Task instructions:
In the copy, include all of the listing exactly and none of its pictures.

Data provided:
***
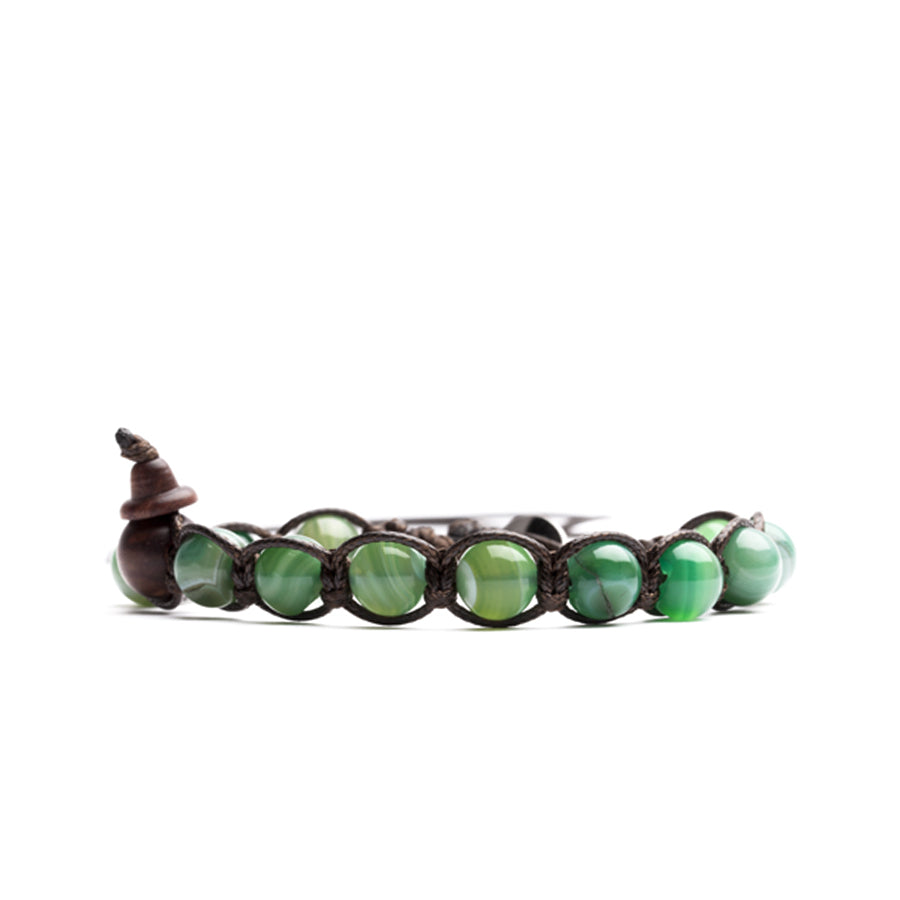 Bracciale Uomo Tamashii Biglie Agata Verde Striata Porta Fortuna BHS900-140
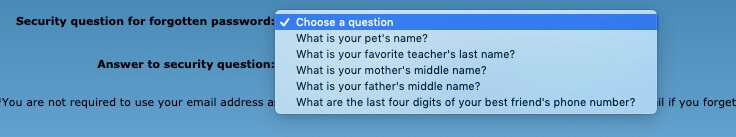 security question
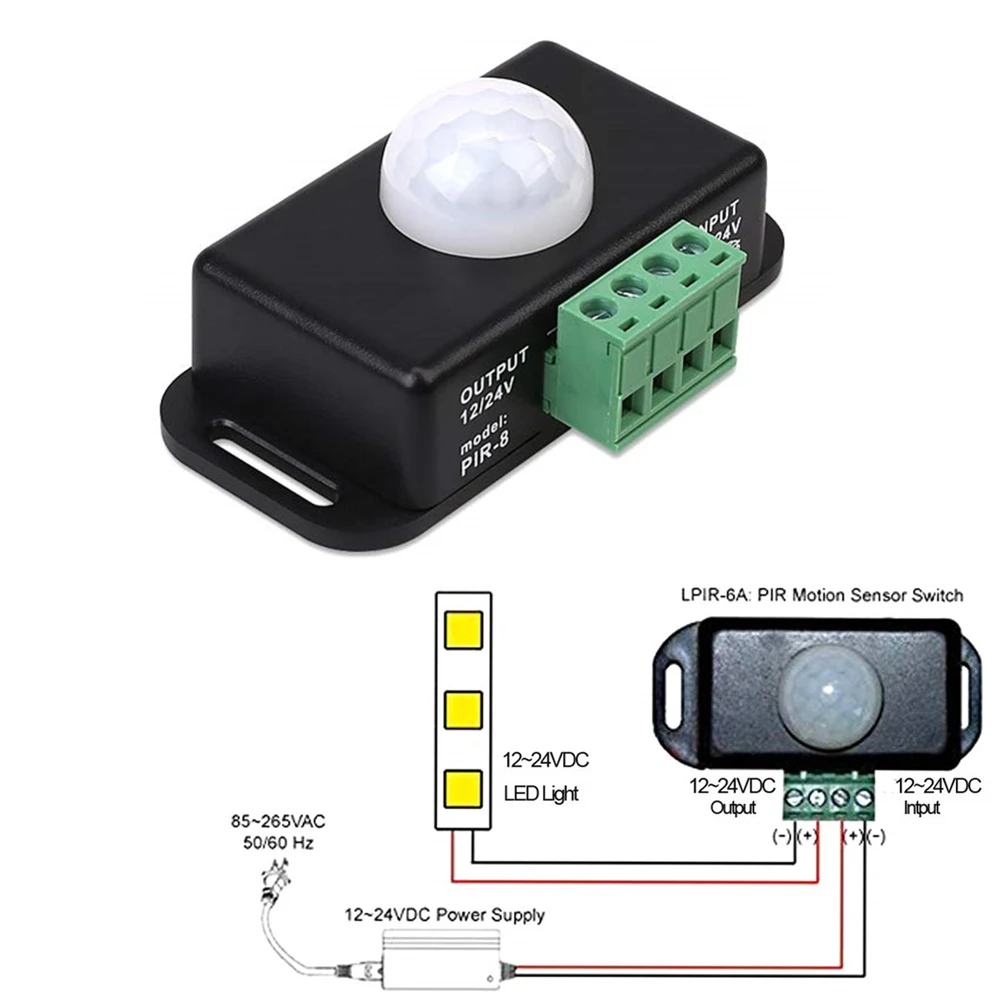 DC 12V 24V 8A Automatic Adjustable PIR Motion Sensor Switch IR Infrared Detector Light Switch Module for LED Strip Light Lamp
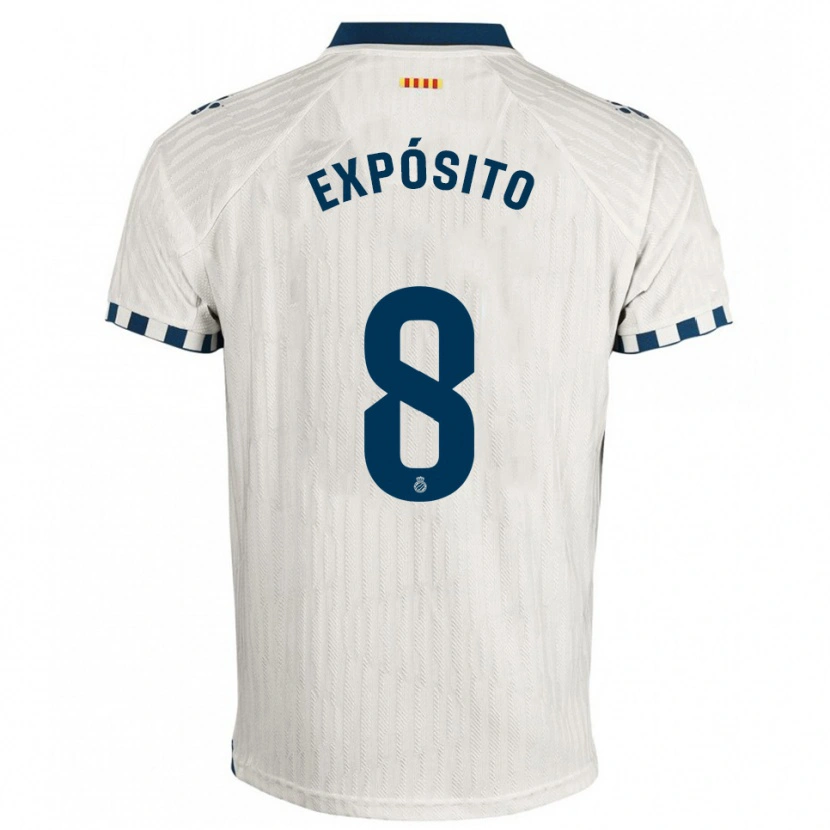 Danxen Enfant Maillot Edu Expósito #8 Blanc Bleu Tenues Extérieur 2025/26 T-Shirt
***
Answer section:
 Bracciale Uomo Tamashii Biglie Agata Verde Striata Porta Fortuna BHS900-140
 security question
 DC 12V 24V 8A Automatic Adjustable PIR Motion Sensor Switch IR Infrared Detector Light Switch Module for LED Strip Light Lamp
 Danxen Enfant Maillot Edu Expósito #8 Blanc Bleu Tenues Extérieur 2025/26 T-Shirt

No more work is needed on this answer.